3 Simple de novo simulation

Simulation of different simple scenarios and missingness mitigation approaches

Author

Janick Weberpals

Published

November 1, 2024

3.1 Objective

In this section, we will generate 1000 following different missingness scenarios.

# define column numbers for pattern and weight determination
col_Z2 <- which(colnames(mock_cohort) %in% "Z2")
col_U <- which(colnames(mock_cohort) %in% "U")

# define missingness pattern
default_pattern <- rep(1, ncol(mock_cohort))
pattern <- replace(default_pattern, col_Z2, 0)

# define weights 
default_weights <- rep(0, ncol(mock_cohort))
weights <- replace(default_weights, c(col_Z2, col_U), c(0.2, 0.8))

prop <- 0.5

3.2 Continuous distribution probabilities

Probabilities are based on a continuous distribution.

tic(msg = "Simulation based on continuous distribution")

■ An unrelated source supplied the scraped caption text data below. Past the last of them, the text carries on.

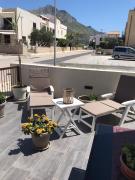 Top San Vito lo Capo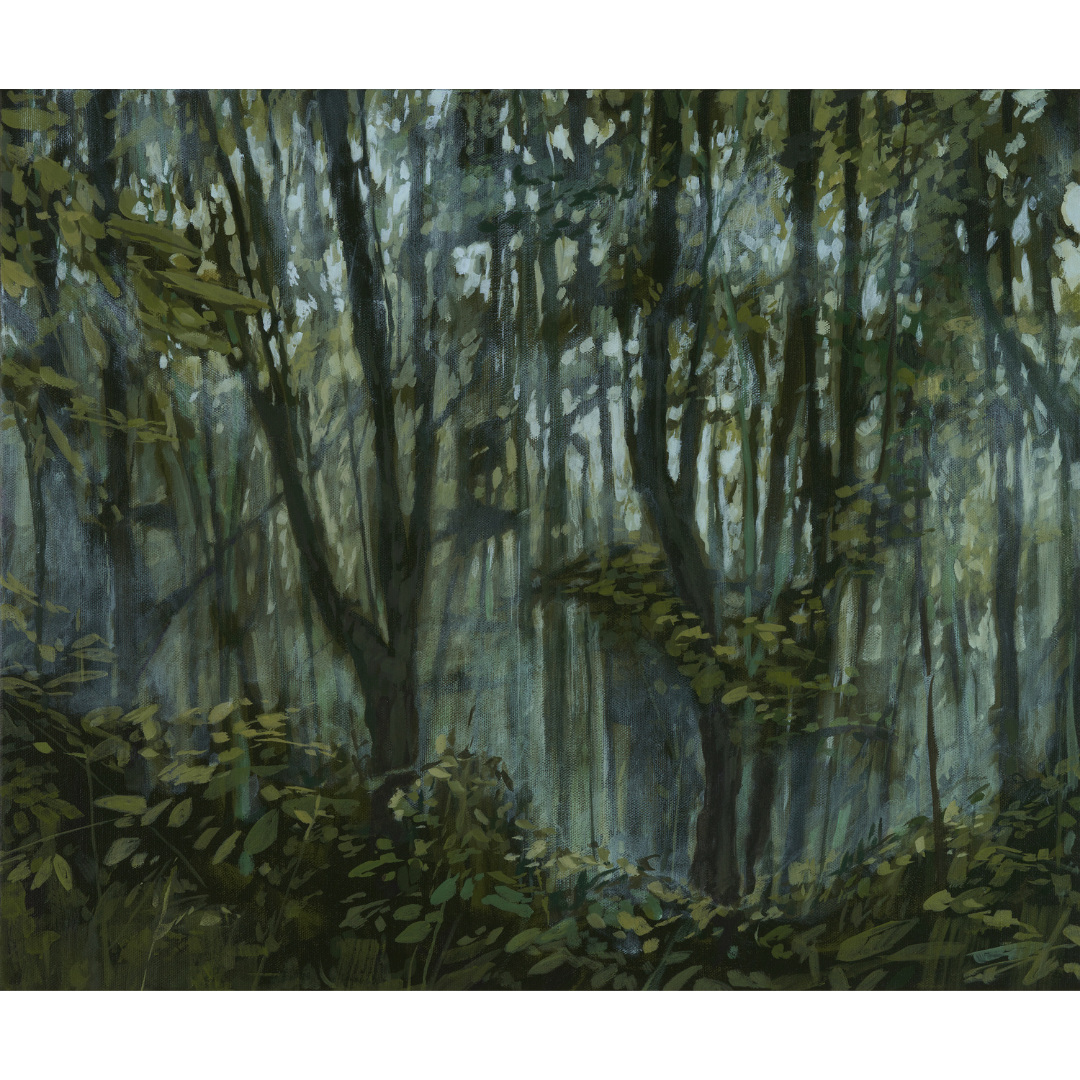 Squarespace Product 2500x2500px (10).png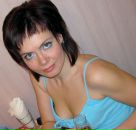 Фотография Клементьевой Ксении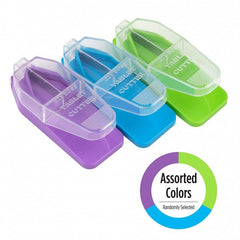 Ezy Dose Original Tablet Cutter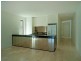 Sanctuary Cove QLD 4212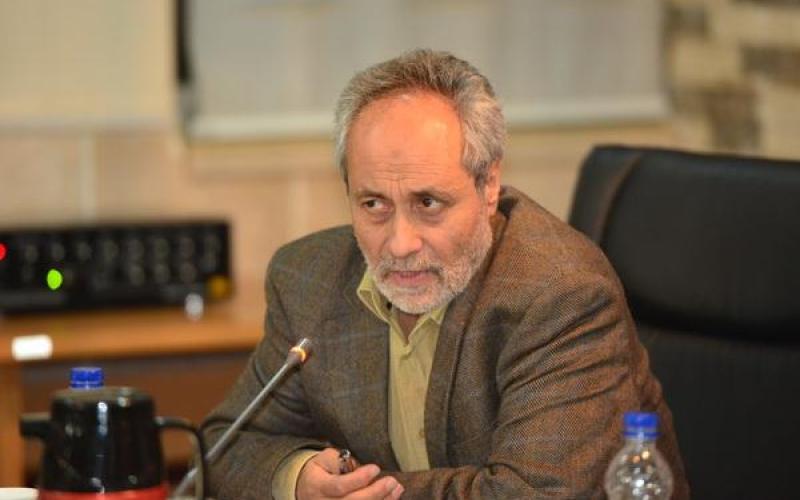 مطالبات 180 میلیون یورویی اپراتورهای خارجی از زیرساخت پرداخت می‎شود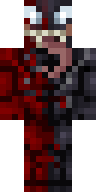 Скин Скин 1V_TABE v3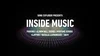 Song Exploder Presents Inside Music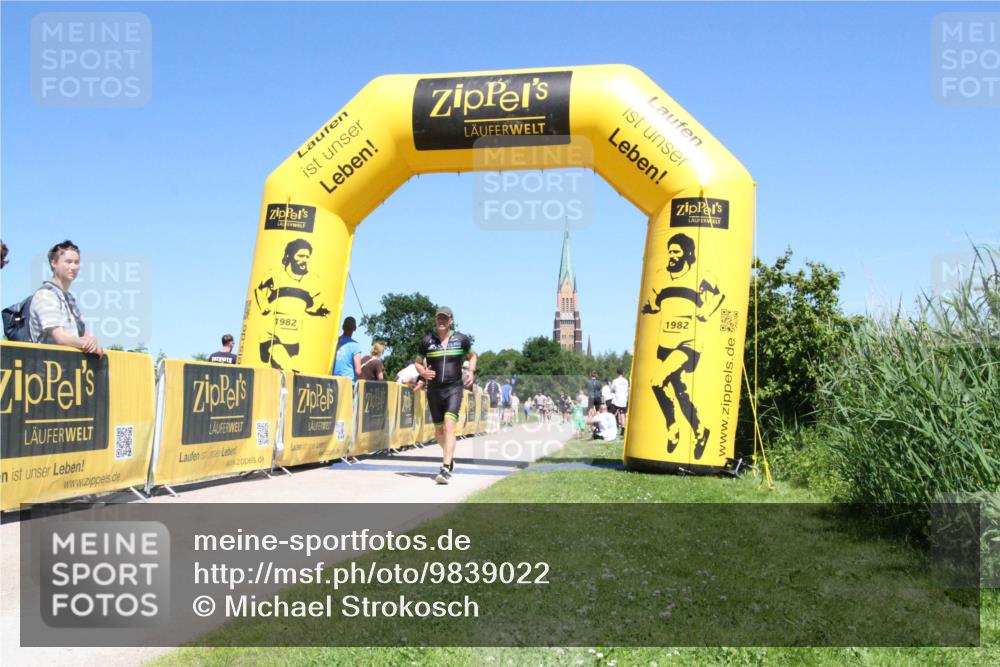 21.06.2026 - Viking Triathlon Michael Strokosch http://msf.ph/oto/9839022 21.06.2026 15:17:58 Laufen 96, 252, 298 meine-sportfotos.de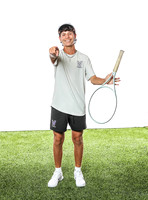 08-28-24 Wylie Tennis Media Day RK-33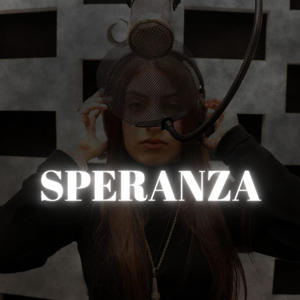 Speranza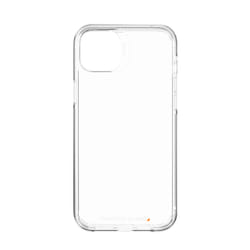 GEAR4 Crystal Palace 6.7" Housse Transparent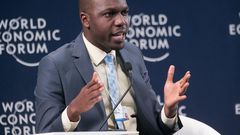 ___6887593___https:______static.pulse.com.gh___webservice___escenic___binary___6887593___2017___6___23___12___Madowo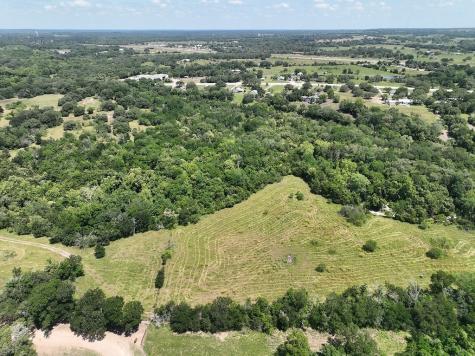 Tbd Mode Lane La Grange TX 78945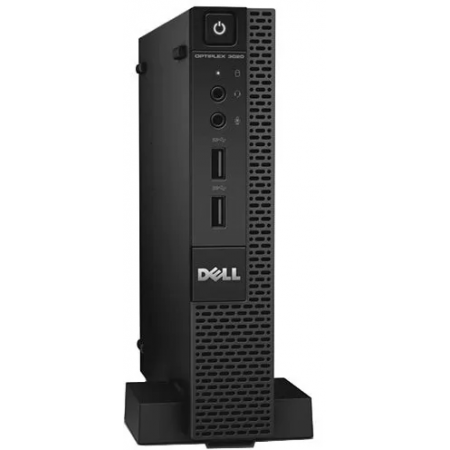 Подставка DELL 482-BBBR Подставка DELL 482-BBBR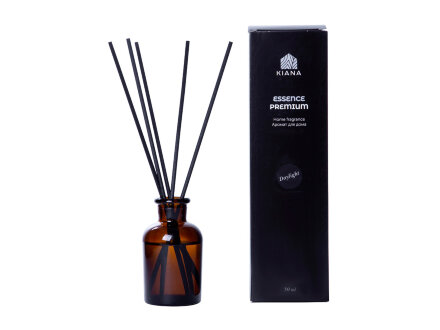 Ароматический диффузор Daylight Ароматический диффузор Daylight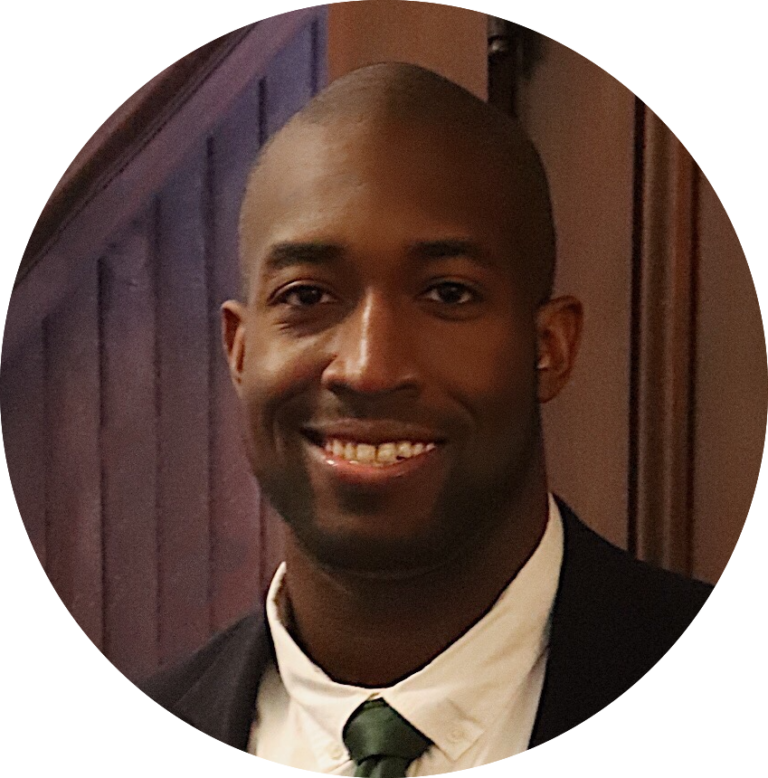 Case Summary Kansas v. Glover (2020) Vermont Law Review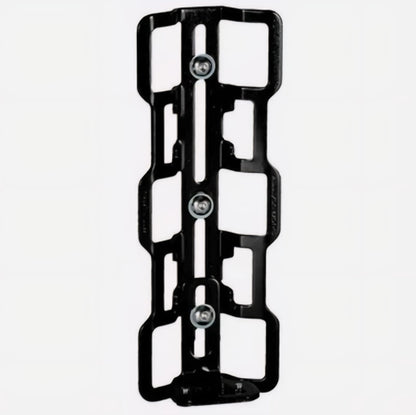 MKS SYLVAN CARGO CAGE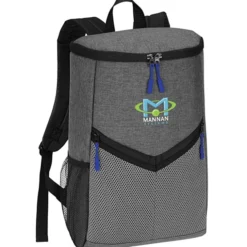 Victory Backpack Cooler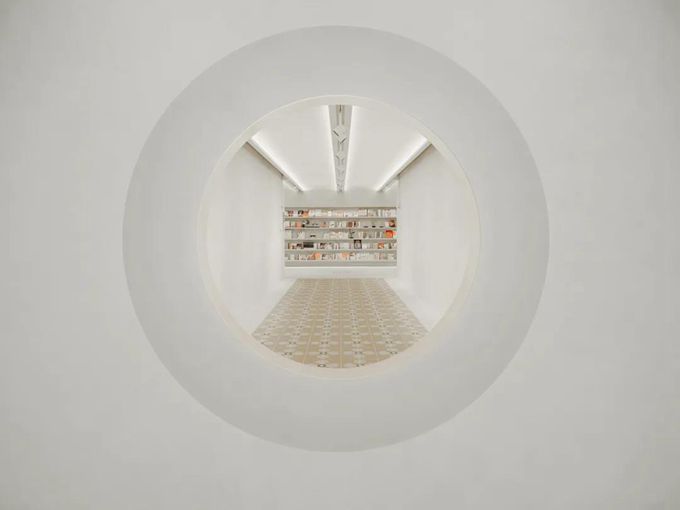 ΢ͼƬ_20201221111515_.jpg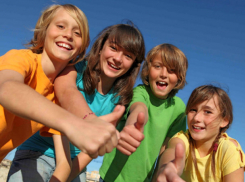 Выходным объявлено 1 июня в Молдове с необходимостью отработки через 23 дня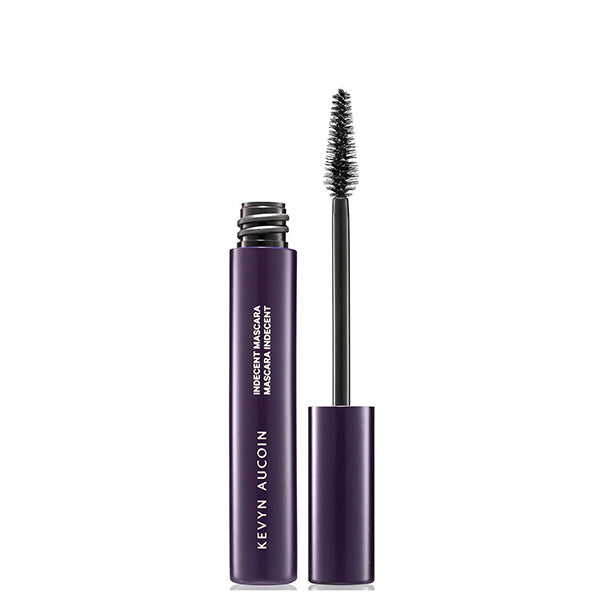 Kevyn Aucoin Indecent Mascara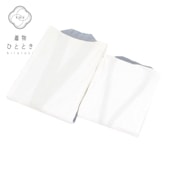  2å 졼 ȩ Ⱦ  ʪ kkb3189b ʪ 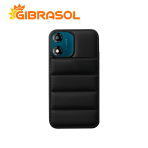 Estuche Silicon Ondulado  –  Motorola E13 - Imagen 5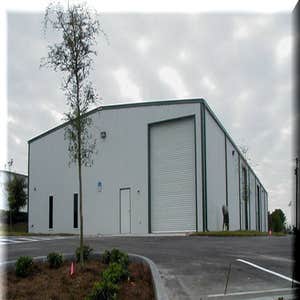 Photos by Lake Wales Builders Inc #1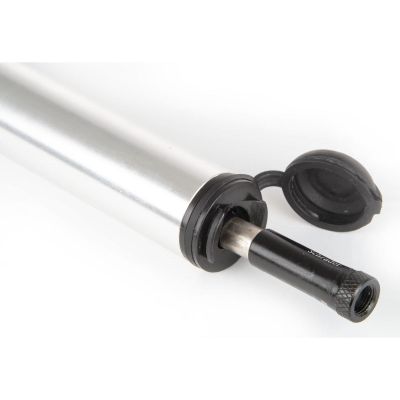 4. POMPKA ROWEROWA ALU ENERO 22x191MM NIEBIESKA 1033136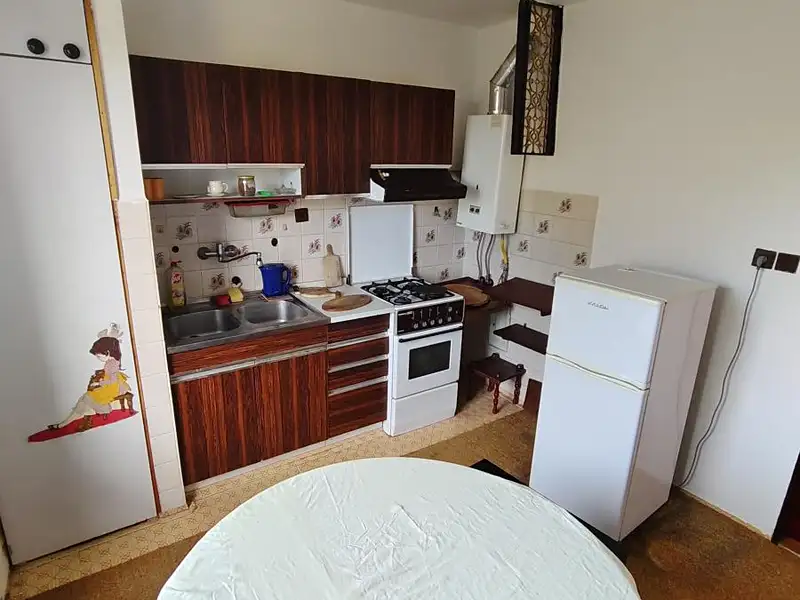 Pronájem bytu 1+1 37 m², Plzeň – náhled fotky 3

results <- parallel::mclapply(
  X = 1:n_replicates,
  FUN = run_simulation,
  pattern = pattern,
  weights = weights,
  type = "RIGHT",
  prop = prop,
  mc.cores = parallel::detectCores()-1
  ) 
  
results_cont <- do.call(rbind, results) |> 
  mutate(simulation = "Continuous distribution (RIGHT)")

toc()

Simulation based on continuous distribution: 1410.097 sec elapsed

3.3 Discrete distribution probabilities

Probabilities are based on a discrete distribution.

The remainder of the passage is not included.